| WORK TO BE COMPLETED |
Starting at the first line of the records below, transcribe each line exactly, ending with the line that contains "14 Days Challenge: One".

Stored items
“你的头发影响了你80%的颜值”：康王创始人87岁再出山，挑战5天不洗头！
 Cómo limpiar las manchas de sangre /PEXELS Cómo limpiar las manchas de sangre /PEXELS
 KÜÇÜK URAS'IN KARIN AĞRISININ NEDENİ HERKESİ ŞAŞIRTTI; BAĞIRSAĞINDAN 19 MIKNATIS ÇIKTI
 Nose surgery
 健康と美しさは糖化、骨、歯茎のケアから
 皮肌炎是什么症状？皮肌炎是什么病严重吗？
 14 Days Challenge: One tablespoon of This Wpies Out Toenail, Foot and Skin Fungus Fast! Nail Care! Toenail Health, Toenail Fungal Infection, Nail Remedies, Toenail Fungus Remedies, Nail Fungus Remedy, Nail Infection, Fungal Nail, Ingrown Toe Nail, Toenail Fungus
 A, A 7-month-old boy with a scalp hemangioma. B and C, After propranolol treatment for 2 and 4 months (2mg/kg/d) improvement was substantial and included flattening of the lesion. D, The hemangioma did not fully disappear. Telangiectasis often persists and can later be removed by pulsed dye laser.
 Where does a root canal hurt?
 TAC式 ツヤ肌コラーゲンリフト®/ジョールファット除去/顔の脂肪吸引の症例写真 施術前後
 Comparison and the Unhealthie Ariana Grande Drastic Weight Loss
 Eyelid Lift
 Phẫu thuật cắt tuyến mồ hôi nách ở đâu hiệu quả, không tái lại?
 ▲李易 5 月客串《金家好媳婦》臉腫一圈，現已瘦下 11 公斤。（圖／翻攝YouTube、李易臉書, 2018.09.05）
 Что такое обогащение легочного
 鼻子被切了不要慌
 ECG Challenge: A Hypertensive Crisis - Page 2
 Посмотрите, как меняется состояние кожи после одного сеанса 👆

| RESPONSE AREA |
“你的头发影响了你80%的颜值”：康王创始人87岁再出山，挑战5天不洗头！
 Cómo limpiar las manchas de sangre /PEXELS Cómo limpiar las manchas de sangre /PEXELS
 KÜÇÜK URAS'IN KARIN AĞRISININ NEDENİ HERKESİ ŞAŞIRTTI; BAĞIRSAĞINDAN 19 MIKNATIS ÇIKTI
 Nose surgery
 健康と美しさは糖化、骨、歯茎のケアから
 皮肌炎是什么症状？皮肌炎是什么病严重吗？
 14 Days Challenge: One tablespoon of This Wpies Out Toenail, Foot and Skin Fungus Fast! Nail Care! Toenail Health, Toenail Fungal Infection, Nail Remedies, Toenail Fungus Remedies, Nail Fungus Remedy, Nail Infection, Fungal Nail, Ingrown Toe Nail, Toenail Fungus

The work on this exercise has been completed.